最終話 惜別と感謝と、新たな地平

 アンの夜鳴きは一晩続いた。

 なんとなく寝不足の私は、ベッドから這い出すと、すでに犬たちに朝食をやりに行っていたトーニャが戻ってきて言った。

「アンったら、よほど夜鳴きで疲れたのね。朝食食べたら、寝てしまったわ」

 なんとまあ、まるで赤ちゃんそのものだ。

 私たちの朝食は、「パンケーキは、男の仕事だよ」と言うトムさんが作ってくれた。

 生クリームを乗せ、ブルーベリージャムをかけ、髭を蓄えた寡黙な男性が作る可愛らしいパンケーキを食べると、ペニーさんが、こんな話をしてくれた。

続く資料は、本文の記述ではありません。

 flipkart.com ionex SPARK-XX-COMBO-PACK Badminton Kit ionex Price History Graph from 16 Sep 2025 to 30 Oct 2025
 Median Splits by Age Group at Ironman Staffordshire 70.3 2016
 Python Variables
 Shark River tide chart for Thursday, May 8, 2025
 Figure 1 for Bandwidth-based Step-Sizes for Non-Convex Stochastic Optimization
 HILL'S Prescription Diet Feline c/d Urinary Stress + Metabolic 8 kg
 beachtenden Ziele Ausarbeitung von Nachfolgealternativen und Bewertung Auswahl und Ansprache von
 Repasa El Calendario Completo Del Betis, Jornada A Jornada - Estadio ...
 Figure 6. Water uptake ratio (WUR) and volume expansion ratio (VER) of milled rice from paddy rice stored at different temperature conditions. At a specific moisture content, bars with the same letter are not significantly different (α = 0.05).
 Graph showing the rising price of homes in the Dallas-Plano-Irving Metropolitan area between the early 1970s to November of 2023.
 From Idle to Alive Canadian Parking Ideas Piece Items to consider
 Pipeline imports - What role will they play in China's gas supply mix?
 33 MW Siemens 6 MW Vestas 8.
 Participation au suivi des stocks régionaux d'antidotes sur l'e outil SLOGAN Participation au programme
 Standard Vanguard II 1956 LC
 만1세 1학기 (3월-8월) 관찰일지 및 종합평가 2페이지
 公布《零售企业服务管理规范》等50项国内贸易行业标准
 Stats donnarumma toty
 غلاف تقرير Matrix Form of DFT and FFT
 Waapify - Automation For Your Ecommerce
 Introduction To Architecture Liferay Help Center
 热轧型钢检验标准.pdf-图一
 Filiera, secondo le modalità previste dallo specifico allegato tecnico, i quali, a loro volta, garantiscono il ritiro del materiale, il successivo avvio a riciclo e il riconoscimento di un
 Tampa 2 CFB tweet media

 あるとき彼女は、犬橇で出掛けたその帰りに、凍っていた川が割れて渡れずに帰れなくなってしまったことがあるのだという。

 家には幼い子供たちが待っていた。

 困り果てた彼女は、その時、パンダという名のリーダー犬を橇から放した。

 パンダならば、どうにか家に辿りついて、助けを求めてくれると考えたのだ。

 ところが、パンダは家の方向とは違う方向へ走り出してしまった。

 それを見たペニーさんは、途方に暮れてしまった。が、1時間ほどすると、パンダが戻ってきて、ペニーさんを誘導しはじめたのだという。

 別の方向に走っていったパンダは、迂回路を探して戻ってきたのだ。

 そんな賢いパンダに、ペニーさんやトムさんは、幾度となく困難を助けられたのだという。